PRONONC. ET ORTH. : [ɑ:pʀ ̥]. Fér. 1768 rappelle : ,,on écrivait autrefois aspre``.
ÉTYMOL. ET HIST. − 1. a) 1130-50 fig. aspre « (d'une chose) pénible » (Couronnement Louis, éd. E. Langlois, Paris, 1961, 329 : Si vienent doi message, Qui li aportent unes noveles aspres); 1155 « violent » (Wace, Brut, 7784 ds Keller, Etude sur le voc. de Wace, p. 272 : Es vus bataille de rechief, Aspre mellee e estur grief); b) 1130-50 « (d'une pers.) violent, ardent » (Couronnement Louis, éd. E. Langlois, Paris 1961, 401); 1453 « qui se porte avec trop d'ardeur à qqc., avide, cupide » (Monstrelet, Chron. II, 205 ds Gdf. Compl. : Aspres au pillage); 2. a) 1164 « qui présente des aspérités, rude au toucher » (Chr. de Troyes, Erec et Enide, éd. W. Foerster, Amsterdam 1965, 6668-72 : mantiaus [...] Listez d'orfrois roides et aspres); b) 1200-1210 « qui cause une sensation désagréable » (J. Renart, G. de Dole, éd. Servois, 2326 ds T.-L. : vin [...] aspre; 1751 gramm. esprit âpre « esprit rude » (Encyclop.)).
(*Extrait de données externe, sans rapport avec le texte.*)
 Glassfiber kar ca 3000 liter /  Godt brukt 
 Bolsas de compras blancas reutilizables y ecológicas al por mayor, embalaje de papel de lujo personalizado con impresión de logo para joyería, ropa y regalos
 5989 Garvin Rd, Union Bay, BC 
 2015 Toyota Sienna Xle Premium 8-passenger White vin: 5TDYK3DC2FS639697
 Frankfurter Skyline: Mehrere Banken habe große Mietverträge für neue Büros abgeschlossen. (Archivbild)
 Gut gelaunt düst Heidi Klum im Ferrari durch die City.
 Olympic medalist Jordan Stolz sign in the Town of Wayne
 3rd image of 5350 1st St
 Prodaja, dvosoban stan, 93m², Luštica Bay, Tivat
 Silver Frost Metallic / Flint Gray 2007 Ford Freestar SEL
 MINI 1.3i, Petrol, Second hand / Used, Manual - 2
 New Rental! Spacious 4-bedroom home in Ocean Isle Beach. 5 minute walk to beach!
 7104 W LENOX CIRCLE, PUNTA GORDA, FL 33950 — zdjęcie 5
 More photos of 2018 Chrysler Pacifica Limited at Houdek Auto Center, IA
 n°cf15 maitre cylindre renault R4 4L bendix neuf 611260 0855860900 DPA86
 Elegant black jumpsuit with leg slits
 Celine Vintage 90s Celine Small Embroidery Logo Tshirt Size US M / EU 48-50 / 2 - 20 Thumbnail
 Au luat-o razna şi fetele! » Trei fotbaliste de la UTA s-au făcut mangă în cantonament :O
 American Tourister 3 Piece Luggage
Empr. au lat. asper « rugueux, dur », au sens 2 a (Ennius, Trag. 309 ds TLL s.v., 808, 7); au sens 2 b « âpre au goût (d'un vin) » (Caton, Agr., 109, ibid., 810, 5); au sens 1 a « dur, pénible » (Plaute, Capt. 497, ibid., 811, 1); d'une bataille (Salluste, Iug., 48, 1, ibid., 811, 66); au sens 1 b « dur, violent » (Lucilius, 1009, ibid., 813, 16).
STAT. − Fréq. abs. littér. : 1 454. Fréq. rel. littér. : xixes. : a) 1 629, b) 3 548; xxes. : a) 2 664, b) 1 289.
BBG. − Baulig 1956. − Forest. 1946. − Gottsch. Redens. 1930, p. 284. − Gramm. t. 1 1789. − Littré-Robin 1865. − Mat. Louis-Philippe 1951, p. 135, 199. − Noter-Léc. 1912. − Nysten 1824.